The governor of the Bank of England, Andrew Bailey, has warned that Britons are facing a “historic shock to real incomes”, with energy price rises this year larger than any single year in the 1970s. The disastrous impact this crisis will have on people’s livelihoods is clear: 600,000 could fall into poverty and millions will be unable to afford essentials. But so far the chancellor, Rishi Sunak, has only introduced halfhearted half measures.
As we face an epochal challenge to living standards and energy supply, there are policies already in place elsewhere that Sunak could learn from: countries such as Germany and Ireland are doing more to protect the most vulnerable, doing more to switch to energy-saving measures and doing more to wean themselves off fossil fuels.
This year, the German government has provided a €200 boost for people on benefits, as well as a €100 topping up of child support and at least €270 for people on housing assistance, next to a €300 lump sum payment (pre-tax) to all employees.
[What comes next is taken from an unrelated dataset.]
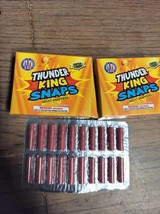 8 Boxes of Thunder King Loud Adult Party Snaps Snappers - with bonus ps ... - £14.99 GBP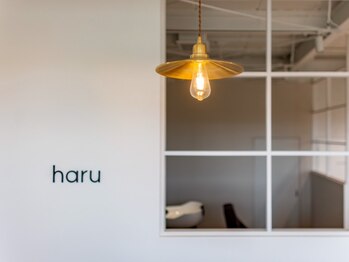 ハル(haru)の写真/【駅からも近く、通いやすい◎】少人数なので周りの目を気にせず、ごゆっくりお寛ぎください♪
A low-income family with two children could receive at least €657, plus a possible heating subsidy of €490. With other measures this could fill more than two-thirds of the cash shortfall caused by increased energy prices. By comparison, the average low-earning UK family would receive less than half of that amount (£270, or about €325) plus bills support that will have to be paid back.
Elsewhere, France and Italy have moved much more decisively than the UK to limit energy price increases facing households. This has been done through measures including requiring the state energy company to sell electricity at well below market price and tax cuts on electricity.